Commentators widely attribute the corporation’s success to a set of features thought to be unique to the corporation, including limited liability, transferable shares, centralized management, and entity shielding. Indeed, the consensus among economic and legal historians is that these essential corporate features created a unique economic entity that rapidly displaced the obsolete partnership.

This Article argues that these economic features were not unique to the corporation, nor did they first develop in the business corporation. Over many centuries, the maritime law developed a sophisticated system of business organization around the entity of the merchant ship, creating a framework of legal principles that operated as a proto-corporate law. Like modern corporate law, this maritime organizational law gave legal personality to the ship, limited liability, transferable shares, centralized management, and entity shielding. The resulting “sea corporations” were the closest to a modern corporation that was available continuously throughout the 17th through early 19th centuries in Europe and the United States.

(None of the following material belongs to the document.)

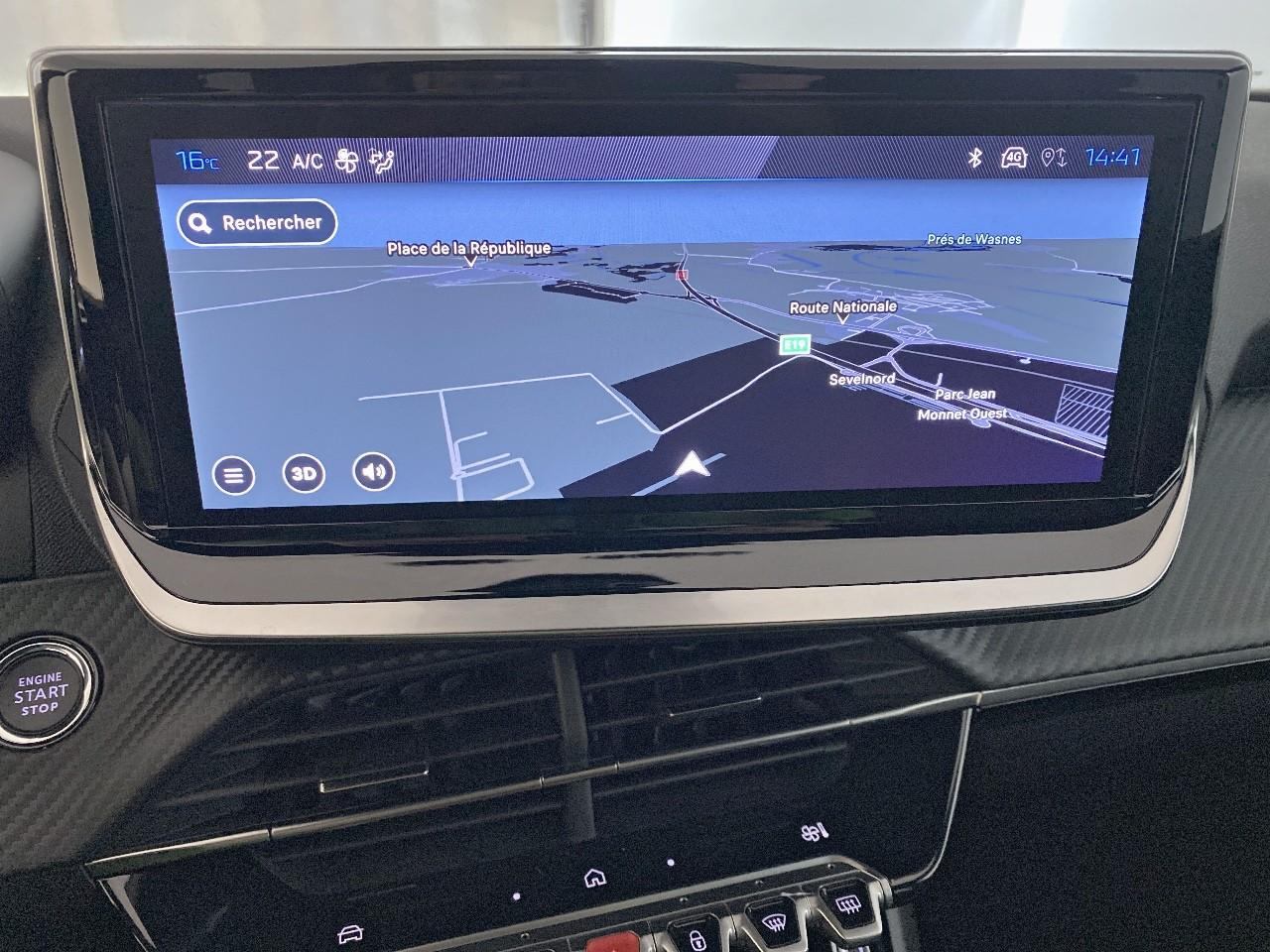 Peugeot 2008 hybrid 145 ch e-dcs6 allure — photo 16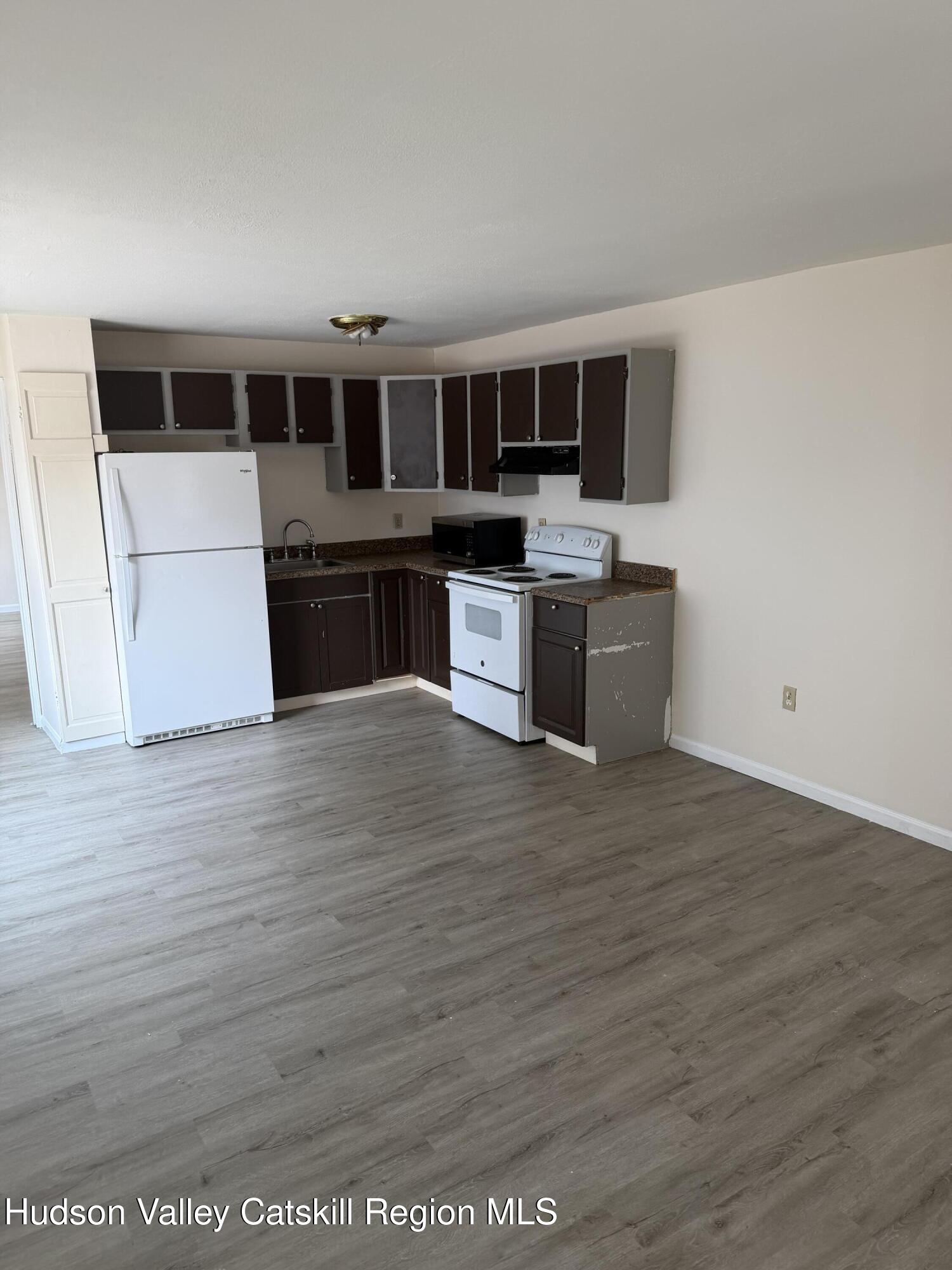 217 Mansion Street 1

The fact that maritime law developed all the most important features of corporate law offers important lessons for business organizational law itself. The parallel development of the same characteristics, with different and independent mechanisms, is strong evidence of the economic importance of the features of the modern corporation. The maritime law employed a unique device—the maritime lien—to achieve the same economic results as the nascent corporation. The key turn was the use of a property mechanism, rather than the contract mechanisms of partnership law, to implement in rem attributes. The vessel is property come to life in the eyes of the law, developing a form of legal personhood. Viewed in this broader context, the corporation is not a unique institutional solution to recurrent economic problems; it was a convenient vehicle for expanding and generalizing a set of economic solutions.

This new organizational theory of maritime law provides potentially important lessons for both maritime law and business organizations law. First, the theory provides a guiding principle for otherwise disorganized features of maritime law. It suggests that courts should explicitly interpret maritime law as a form of business entity law, keeping maritime law’s distinctive purposes, but drawing from the rich theoretical insights of law of other business associations to inform its unique institutions. At the same time, the long history of maritime law as business organization law provides hints for enduring challenges in corporate law, such as externalities of limited liability on involuntary creditors, such as tort creditors. Here, maritime law provides time-tested solutions, providing a system that provides priority for such creditors over contract creditors, solving one of corporate law’s most vexing problems.